Angela grinned, ‘We called them after our ex-husbands,’ and then they both laughed. I grinned too even though I thought it was a bit rude to their ex-husbands.

I was seven hours and fifteen minutes in the garda station. They took my photograph and fingerprints. They left me in a room by myself for the first forty-seven minutes and then two women came in, wearing suits, Detective Sergeant Catherine Mara and Detective Inspector Andrea Howard, shortly followed by a grumpy man who introduced himself as Geoff Barrington, my solicitor. Howard turned on a tape recorder and they introduced themselves for the tape. I didn’t want to look at them, so I looked at the wooden table and the scratches in it. Someone had engraved the word ‘cunt’ into the table in spiky capitals. That was an extremely rude word.

They asked me three times to tell the story of my dad’s death, and I got a bit annoyed at having to say the same thing over and over again. Geoff sighed deeply and said the best thing for me to do was to answer their questions. They asked me why I didn’t know that a domestic incinerator wouldn’t be hot enough to burn human remains. I shook my head. And they asked me to speak out loud for the record. I said I didn’t know because we burned everything else that wasn’t plastic.

Then they asked me about the letters and why I hadn’t read them. One of them laughed when I said I’d been considering waiting for my birthday. I got angry then. ‘Why are you laughing?’ I shouted.
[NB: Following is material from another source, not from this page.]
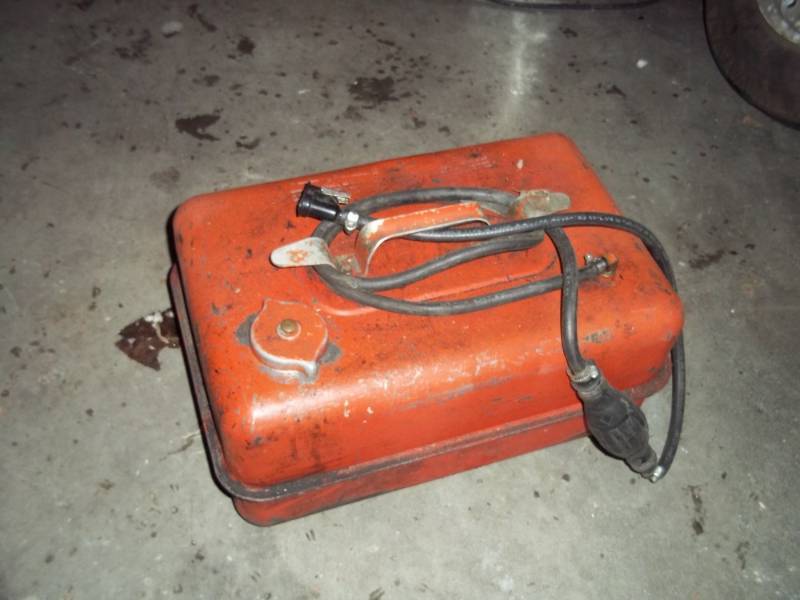 lot 128 image: Vintage boat gas tank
Geoff put his hand on my arm, and I shook it off.

‘Sally, do you wait for your birthday to open all of your mail?’

‘I don’t get any mail,’ I answered.

He scribbled in his notebook again and asked them to refrain from laughing as it triggered his client. I stared at him then. He looked as tired as I felt.
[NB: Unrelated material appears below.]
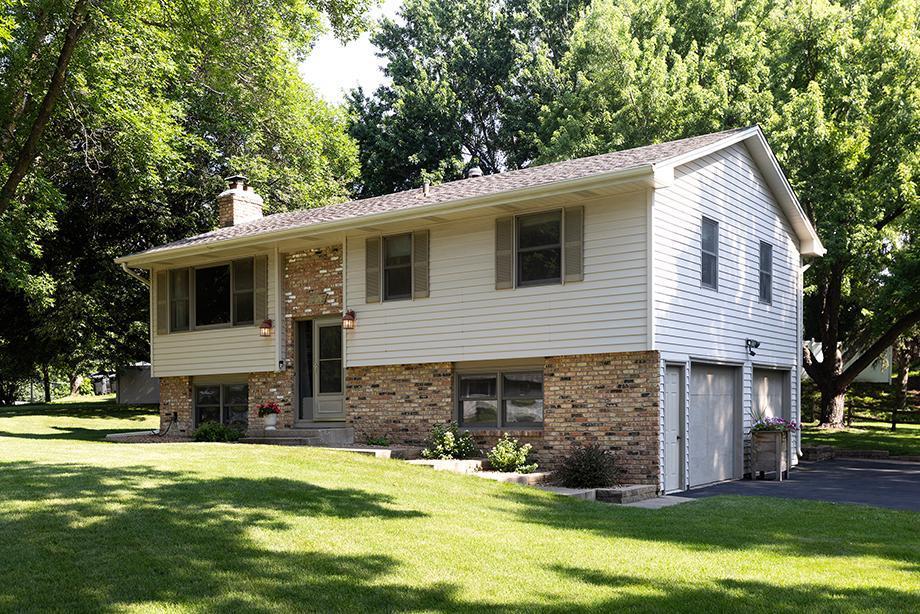13103 Parkwood Drive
Mara asked me my date of birth even though I’d been asked that twice already. They asked me about my real date of birth, and I wasn’t sure what they meant. Then they asked me about my adoption and if I knew who my birth parents were and I was surprised because I didn’t understand how this was relevant. I told them that Mum and Dad had adopted me from an agency when I was six years old and that I knew nothing about my birth parents. They asked me what my earliest memories were and I told them that it was when I blew out candles on my seventh birthday. They asked in several different ways if I remembered anything before that and I said no, and then they asked me to try to remember and I told them that my dad had always told me that I didn’t have to remember things I didn’t want to.

‘But,’ said Howard, ‘you must remember something from early childhood?’ I shook my head. They asked me to speak out loud for the record. ‘I don’t remember anything before my seventh birthday,’ I said. Geoff asked to speak to them outside the room.
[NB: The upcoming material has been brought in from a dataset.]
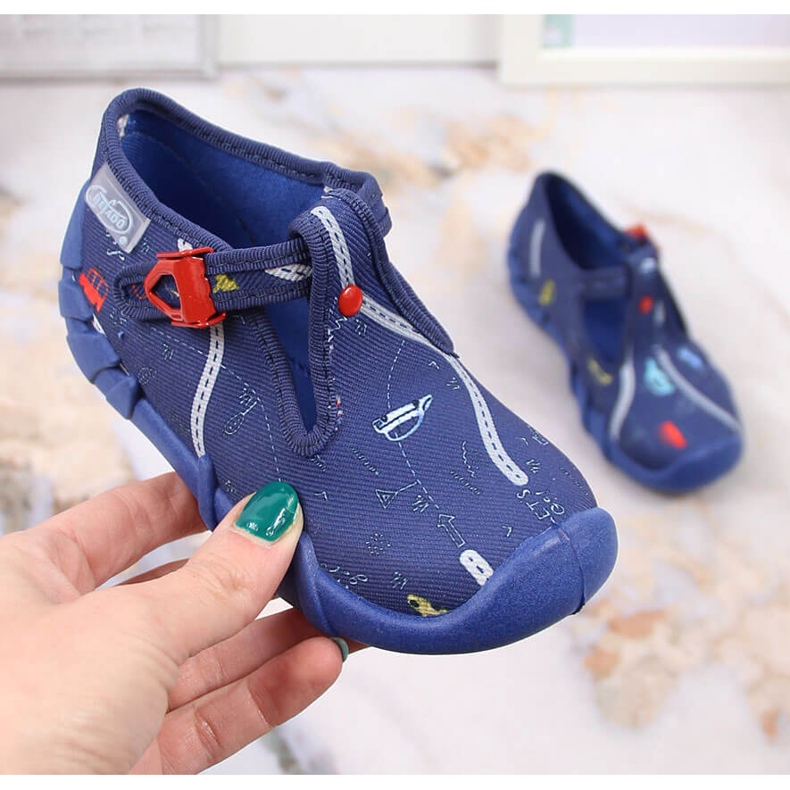 Zapatillas casa niño con cierre Befado azul marino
Shortly after that, Angela came in with a burger and chips from Supermacs. Another guard stood in the corner of the room. I offered him some chips but he refused. ‘You’re all right,’ he said. I liked him. He looked a little bit like Harrison Ford when he was young. I would have liked to talk to him. But he went back to saying nothing, and looking at his shoes. I look at my shoes when I’m uncomfortable too.

Angela told me that the police would be at my house for a few more days and that I might be charged with a crime.

‘What crime?’ I asked.

She didn’t answer. ‘Let Geoff do his job. Honestly, he has your best interests at heart.’

8

I spent five nights in Nadine and Angela’s house. Geoff talked mostly to Angela and ignored me, which most of the time suited me, but all the time, they were talking about me. Angela would check occasionally that I understood what was being said, but he didn’t address anything to me, except the last time when we were in his office in Roscommon town, and he tried to shake my hand as he said goodbye, and I snapped mine away. It’s easier to look at someone when they’re not looking at you. He was handsome and I suppose he did his job properly because he said that the charges of Illegal Disposal of Human Remains would most likely be dropped under the circumstances. Angela said it was because of my condition.